Tuesday March 31, 2015
Picture this: an employee stands up at a company meeting. He has had an idea which, in his mind, could revolutionise the way the company does business. He begins…
‘So, you’re probably all completely uninterested in what I’m about to say and even those of you who are paying attention are probably mentally planning tonight’s dinner. To be honest, my idea is just a little thought that crossed my mind and it’s not the most important thing in the world. In fact, here’s a copy of today’s Metro to take your minds off what I’m about to say…’
Sound ridiculous? Believe it or not, there are many people who essentially, speak in this way. We just don’t know we’re doing it. Whilst we may not literally pass round newspapers as an alternative to listening, we often forget that our communicative style strongly influences the impact of our argument. Let it be known that you doubt others’ interest in what you’re saying, and you may as well be speaking from beneath the table.
It’s easy to negate your opinion before beginning, excusing yourself from what you’re about to say, because ‘it’s only a minor point’ and you assume others won’t want to listen. In reality, when speaking in such a way, you’ll not only falter and fail to deliver with confidence and conviction, but simultaneously, people will have switched their focus elsewhere before you’ve made your point.
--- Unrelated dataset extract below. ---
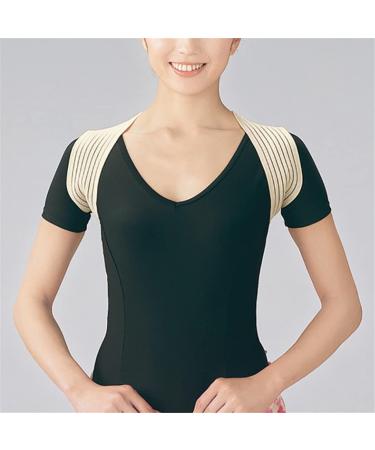 DFHBFG Breathable Back Shoulder Posture Corrector | Comfortable Spinal Correction Belt - L Code - Buy Online on GoSupps.com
In his piece for Harvard Business Review ‘7 Ways to Capture Someone’s Attention’, Ben Parr comments, “Attention is the most important currency that anybody can give you…Steve Rubel of Edelman once told me. “It’s worth more than money, possessions or things.””. This is why it is important to realise the value of effective delivery and not be tempted to weaken your own case simply to please others. Instead, by communicating the crux of your subject swiftly and succinctly whilst recognising that your opinion does matter, you’ll cut through self-doubt and give yourself a voice. As a result your audience are more likely to sit up and listen and they’ll respect you for bringing something new to the table.